Reference throughout this specification to “one embodiment,” “an embodiment,” or similar language means that a particular feature, structure, or characteristic described in connection with the embodiment is included in at least one embodiment disclosed within this specification. Thus, appearances of the phrases “in one embodiment,” “in an embodiment,” and similar language throughout this specification may, but do not necessarily, all refer to the same embodiment.
The term “plurality,” as used herein, is defined as two or more than two. The term “another,” as used herein, is defined as at least a second or more. The term “coupled,” as used herein, is defined as connected, whether directly without any intervening elements or indirectly with one or more intervening elements, unless otherwise indicated. Two elements also can be coupled mechanically, electrically, or communicatively linked through a communication channel, pathway, network, or system. The term “and/or” as used herein refers to and encompasses any and all possible combinations of one or more of the associated listed items. It will also be understood that, although the terms first, second, etc. may be used herein to describe various elements, these elements should not be limited by these terms, as these terms are only used to distinguish one element from another unless stated otherwise or the context indicates otherwise.
The term “if” may be construed to mean “when” or “upon” or “in response to determining” or “in response to detecting,” depending on the context.
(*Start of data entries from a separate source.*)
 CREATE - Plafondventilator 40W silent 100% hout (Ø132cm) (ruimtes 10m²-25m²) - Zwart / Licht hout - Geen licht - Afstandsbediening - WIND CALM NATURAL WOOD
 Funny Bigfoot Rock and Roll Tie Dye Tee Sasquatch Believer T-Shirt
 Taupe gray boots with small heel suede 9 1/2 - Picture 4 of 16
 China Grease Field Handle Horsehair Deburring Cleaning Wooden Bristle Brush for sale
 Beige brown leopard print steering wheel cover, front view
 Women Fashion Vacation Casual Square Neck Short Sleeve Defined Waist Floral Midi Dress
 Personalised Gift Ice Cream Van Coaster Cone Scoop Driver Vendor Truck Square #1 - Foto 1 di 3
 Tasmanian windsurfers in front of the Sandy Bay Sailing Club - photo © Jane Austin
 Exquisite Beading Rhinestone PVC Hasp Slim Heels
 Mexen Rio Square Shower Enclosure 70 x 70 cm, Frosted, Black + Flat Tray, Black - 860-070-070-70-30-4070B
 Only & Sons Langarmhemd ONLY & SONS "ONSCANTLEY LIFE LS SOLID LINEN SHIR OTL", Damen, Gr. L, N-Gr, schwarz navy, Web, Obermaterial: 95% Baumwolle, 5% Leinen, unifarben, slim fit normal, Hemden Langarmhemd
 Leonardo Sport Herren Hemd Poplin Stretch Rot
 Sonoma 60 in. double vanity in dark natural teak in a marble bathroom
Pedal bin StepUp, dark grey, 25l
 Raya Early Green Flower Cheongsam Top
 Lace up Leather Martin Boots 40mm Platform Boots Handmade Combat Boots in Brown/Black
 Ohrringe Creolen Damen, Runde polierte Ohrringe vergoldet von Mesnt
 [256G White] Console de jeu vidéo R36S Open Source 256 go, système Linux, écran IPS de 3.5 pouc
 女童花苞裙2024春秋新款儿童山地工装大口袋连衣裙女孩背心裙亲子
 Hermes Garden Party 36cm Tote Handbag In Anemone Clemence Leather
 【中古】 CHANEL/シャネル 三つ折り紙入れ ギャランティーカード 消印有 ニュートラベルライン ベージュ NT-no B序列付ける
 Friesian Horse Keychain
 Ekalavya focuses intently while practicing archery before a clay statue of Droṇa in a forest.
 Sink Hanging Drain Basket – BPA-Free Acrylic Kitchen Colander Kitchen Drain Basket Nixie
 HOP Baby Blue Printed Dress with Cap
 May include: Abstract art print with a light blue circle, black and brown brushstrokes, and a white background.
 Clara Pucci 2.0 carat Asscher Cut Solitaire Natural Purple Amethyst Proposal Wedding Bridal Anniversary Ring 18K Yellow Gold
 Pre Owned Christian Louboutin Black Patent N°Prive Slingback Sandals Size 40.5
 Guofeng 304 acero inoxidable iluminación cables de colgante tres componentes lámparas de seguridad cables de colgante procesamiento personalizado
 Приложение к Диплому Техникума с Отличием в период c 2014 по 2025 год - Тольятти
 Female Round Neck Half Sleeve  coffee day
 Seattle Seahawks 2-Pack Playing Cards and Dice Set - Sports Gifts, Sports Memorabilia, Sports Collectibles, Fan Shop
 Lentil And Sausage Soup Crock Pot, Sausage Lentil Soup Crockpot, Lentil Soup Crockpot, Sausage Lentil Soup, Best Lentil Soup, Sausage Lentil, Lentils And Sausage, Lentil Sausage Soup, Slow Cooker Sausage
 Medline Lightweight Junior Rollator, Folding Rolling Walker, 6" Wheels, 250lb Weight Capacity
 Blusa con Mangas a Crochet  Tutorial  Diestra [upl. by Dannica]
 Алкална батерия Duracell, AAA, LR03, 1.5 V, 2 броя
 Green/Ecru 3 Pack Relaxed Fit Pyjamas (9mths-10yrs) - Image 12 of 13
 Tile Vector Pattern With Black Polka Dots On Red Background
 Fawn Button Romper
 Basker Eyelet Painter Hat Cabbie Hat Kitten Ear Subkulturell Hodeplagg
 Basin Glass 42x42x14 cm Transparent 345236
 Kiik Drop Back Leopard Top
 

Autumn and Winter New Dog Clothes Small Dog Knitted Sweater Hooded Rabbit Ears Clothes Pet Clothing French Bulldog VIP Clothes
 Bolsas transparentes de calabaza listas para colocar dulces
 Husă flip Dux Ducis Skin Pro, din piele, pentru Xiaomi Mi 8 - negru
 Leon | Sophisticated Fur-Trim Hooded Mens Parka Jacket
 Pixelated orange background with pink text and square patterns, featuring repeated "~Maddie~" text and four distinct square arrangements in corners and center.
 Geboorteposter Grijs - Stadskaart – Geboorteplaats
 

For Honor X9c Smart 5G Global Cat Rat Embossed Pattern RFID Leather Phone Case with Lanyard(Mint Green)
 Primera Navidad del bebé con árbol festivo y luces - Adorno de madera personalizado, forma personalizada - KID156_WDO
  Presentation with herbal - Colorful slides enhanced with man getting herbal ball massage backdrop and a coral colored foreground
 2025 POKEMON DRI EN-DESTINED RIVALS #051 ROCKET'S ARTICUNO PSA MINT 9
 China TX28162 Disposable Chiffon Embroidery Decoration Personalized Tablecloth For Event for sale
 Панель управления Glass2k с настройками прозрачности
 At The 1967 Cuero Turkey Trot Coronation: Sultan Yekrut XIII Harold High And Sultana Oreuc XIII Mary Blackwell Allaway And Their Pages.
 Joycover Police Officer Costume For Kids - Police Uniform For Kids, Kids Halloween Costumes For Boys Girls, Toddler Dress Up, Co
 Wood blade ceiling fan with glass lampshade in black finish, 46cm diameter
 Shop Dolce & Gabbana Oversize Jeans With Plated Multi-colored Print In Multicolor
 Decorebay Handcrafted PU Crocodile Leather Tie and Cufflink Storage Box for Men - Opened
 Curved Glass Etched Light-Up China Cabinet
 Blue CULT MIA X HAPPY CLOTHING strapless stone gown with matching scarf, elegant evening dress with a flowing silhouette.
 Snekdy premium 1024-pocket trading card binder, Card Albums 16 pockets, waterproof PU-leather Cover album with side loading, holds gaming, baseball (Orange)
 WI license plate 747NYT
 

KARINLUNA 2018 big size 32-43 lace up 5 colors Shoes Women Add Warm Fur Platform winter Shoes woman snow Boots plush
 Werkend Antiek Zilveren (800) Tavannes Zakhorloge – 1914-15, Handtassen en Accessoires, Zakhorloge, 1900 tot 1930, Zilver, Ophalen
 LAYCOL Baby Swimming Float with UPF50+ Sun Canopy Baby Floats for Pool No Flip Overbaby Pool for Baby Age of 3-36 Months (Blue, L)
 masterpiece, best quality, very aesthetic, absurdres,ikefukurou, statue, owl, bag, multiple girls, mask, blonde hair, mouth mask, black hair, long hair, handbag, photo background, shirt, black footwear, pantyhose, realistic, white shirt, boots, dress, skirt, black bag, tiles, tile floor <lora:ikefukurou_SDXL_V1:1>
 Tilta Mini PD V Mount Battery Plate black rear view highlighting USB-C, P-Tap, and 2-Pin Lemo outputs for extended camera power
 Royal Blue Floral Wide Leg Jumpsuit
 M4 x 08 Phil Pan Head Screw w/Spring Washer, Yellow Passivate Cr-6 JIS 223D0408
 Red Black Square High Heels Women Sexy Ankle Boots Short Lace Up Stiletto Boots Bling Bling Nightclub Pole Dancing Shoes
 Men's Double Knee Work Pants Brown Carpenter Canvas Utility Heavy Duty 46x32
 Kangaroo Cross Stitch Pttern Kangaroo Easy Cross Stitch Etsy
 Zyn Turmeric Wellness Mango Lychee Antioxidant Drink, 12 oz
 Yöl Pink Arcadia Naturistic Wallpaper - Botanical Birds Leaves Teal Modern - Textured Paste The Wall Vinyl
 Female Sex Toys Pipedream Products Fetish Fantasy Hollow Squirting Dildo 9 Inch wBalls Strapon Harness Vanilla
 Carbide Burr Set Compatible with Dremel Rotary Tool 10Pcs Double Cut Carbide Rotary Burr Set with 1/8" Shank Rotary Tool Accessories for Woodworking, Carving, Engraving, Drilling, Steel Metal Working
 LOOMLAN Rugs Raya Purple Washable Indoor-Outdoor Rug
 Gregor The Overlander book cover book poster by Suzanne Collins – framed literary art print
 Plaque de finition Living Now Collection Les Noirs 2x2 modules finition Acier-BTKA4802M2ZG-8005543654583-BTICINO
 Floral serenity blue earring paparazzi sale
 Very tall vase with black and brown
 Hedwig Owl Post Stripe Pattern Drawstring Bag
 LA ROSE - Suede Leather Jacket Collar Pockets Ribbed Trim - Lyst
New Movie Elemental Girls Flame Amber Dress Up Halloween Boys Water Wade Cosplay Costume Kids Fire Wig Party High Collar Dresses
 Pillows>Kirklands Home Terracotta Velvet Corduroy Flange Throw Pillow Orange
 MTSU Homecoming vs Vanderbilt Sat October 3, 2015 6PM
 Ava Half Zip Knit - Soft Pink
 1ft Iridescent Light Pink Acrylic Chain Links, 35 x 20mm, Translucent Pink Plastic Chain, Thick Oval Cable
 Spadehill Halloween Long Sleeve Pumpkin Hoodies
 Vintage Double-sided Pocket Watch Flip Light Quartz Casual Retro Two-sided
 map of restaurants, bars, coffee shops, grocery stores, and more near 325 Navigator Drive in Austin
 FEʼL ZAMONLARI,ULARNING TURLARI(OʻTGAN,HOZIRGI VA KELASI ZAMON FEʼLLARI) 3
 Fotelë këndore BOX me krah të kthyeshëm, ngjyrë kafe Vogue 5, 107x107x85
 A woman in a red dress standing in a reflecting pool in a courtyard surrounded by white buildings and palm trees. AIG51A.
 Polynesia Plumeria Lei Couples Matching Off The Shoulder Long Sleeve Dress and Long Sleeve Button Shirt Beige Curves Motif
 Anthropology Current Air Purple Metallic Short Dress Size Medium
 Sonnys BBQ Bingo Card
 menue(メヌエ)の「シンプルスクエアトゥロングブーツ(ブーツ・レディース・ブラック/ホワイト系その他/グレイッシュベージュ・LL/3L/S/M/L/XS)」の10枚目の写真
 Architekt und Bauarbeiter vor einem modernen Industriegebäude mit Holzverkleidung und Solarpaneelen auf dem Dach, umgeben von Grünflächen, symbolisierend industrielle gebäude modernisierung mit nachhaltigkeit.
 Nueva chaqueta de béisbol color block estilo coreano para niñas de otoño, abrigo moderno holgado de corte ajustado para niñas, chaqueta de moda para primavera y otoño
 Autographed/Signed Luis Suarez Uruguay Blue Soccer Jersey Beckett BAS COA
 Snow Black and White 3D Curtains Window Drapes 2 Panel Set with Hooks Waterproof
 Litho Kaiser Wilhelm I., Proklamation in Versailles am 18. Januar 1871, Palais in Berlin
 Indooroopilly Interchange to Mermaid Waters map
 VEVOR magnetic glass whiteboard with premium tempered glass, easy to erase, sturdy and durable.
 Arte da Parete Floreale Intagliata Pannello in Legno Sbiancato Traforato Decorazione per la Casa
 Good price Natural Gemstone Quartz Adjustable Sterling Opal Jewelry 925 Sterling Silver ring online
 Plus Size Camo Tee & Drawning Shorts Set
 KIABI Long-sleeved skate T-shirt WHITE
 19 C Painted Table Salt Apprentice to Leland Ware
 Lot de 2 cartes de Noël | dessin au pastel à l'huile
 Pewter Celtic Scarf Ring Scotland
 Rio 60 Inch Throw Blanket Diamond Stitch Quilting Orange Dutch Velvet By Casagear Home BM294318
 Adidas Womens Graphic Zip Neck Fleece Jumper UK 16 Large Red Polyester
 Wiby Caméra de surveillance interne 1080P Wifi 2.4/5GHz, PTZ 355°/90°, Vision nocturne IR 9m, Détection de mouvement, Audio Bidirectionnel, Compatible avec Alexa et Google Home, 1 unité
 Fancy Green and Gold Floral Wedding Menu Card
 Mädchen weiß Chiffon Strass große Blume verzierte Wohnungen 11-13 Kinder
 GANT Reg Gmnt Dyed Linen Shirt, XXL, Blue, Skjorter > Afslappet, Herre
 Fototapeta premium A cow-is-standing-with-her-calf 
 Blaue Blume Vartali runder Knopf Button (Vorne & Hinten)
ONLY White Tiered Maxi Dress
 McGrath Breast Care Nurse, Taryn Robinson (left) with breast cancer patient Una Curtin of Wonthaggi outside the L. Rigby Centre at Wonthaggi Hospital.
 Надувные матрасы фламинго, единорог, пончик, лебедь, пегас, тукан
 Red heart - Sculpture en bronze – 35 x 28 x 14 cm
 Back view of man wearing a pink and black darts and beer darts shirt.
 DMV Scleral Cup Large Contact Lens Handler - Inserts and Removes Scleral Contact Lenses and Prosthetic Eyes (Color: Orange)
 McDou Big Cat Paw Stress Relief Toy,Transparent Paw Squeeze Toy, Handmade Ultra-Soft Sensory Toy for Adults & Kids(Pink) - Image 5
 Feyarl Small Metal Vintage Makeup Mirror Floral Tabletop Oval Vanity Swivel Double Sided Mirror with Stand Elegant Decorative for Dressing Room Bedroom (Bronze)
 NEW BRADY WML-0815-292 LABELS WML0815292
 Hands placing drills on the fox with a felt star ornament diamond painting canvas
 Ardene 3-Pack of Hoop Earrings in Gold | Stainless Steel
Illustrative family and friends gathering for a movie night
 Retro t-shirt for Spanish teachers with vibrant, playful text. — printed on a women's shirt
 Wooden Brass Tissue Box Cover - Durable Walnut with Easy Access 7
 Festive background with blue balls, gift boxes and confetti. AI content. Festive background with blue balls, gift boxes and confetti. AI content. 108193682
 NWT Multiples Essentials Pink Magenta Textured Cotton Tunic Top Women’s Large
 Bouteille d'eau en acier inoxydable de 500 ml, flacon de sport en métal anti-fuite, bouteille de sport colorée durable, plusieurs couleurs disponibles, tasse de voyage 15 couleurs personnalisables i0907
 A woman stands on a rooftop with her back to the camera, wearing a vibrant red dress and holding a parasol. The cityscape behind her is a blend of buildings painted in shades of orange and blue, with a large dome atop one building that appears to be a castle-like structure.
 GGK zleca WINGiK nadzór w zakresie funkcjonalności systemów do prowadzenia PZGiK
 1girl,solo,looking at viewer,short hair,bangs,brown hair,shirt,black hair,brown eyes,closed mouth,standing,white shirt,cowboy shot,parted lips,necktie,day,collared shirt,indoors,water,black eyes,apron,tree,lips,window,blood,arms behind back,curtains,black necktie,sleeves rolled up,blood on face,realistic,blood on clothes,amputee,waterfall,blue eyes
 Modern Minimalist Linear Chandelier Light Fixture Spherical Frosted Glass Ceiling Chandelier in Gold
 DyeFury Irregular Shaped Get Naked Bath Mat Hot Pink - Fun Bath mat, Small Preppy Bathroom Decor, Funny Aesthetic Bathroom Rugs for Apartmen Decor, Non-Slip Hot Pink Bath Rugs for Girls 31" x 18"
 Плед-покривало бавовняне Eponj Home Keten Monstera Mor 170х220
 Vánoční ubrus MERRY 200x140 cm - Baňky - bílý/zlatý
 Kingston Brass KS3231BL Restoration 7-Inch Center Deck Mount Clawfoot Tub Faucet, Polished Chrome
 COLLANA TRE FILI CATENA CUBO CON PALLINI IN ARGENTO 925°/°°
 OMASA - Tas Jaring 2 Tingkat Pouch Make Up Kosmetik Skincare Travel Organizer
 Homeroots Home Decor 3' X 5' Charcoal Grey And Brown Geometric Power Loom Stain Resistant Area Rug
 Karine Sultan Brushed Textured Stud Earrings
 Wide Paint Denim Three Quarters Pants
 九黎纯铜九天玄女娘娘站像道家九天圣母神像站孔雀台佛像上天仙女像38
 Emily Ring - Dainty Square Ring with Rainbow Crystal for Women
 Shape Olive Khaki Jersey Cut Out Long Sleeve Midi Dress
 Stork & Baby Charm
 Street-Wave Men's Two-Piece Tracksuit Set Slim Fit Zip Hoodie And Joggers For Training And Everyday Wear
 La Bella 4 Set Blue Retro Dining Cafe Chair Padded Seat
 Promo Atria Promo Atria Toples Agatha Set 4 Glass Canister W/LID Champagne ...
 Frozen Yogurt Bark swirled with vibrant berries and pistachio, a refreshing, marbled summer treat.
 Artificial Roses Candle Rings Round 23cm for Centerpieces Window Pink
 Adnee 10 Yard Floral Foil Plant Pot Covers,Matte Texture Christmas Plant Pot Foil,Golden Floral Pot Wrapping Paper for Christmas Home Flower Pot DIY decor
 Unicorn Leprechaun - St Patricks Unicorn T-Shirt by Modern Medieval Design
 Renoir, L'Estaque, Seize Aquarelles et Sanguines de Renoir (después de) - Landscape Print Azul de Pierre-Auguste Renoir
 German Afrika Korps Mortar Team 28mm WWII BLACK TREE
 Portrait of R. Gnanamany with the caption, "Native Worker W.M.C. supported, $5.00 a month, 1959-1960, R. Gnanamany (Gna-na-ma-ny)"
Similarly, the phrase “if it is determined” or “if [a stated condition or event] is detected” may be construed to mean “upon determining” or “in response to determining” or “upon detecting [the stated condition or event]” or “in response to detecting [the stated condition or event],” depending on the context.
The corresponding structures, materials, acts, and equivalents of all means or step plus function elements in the claims below are intended to include any structure, material, or act for performing the function in combination with other claimed elements as specifically claimed. The description of the embodiments disclosed within this specification have been presented for purposes of illustration and description, but are not intended to be exhaustive or limited to the form disclosed. Many modifications and variations will be apparent to those of ordinary skill in the art without departing from the scope and spirit of the embodiments of the invention. The embodiments were chosen and described in order to best explain the principles of the invention and the practical application, and to enable others of ordinary skill in the art to understand the inventive arrangements for various embodiments with various modifications as are suited to the particular use contemplated.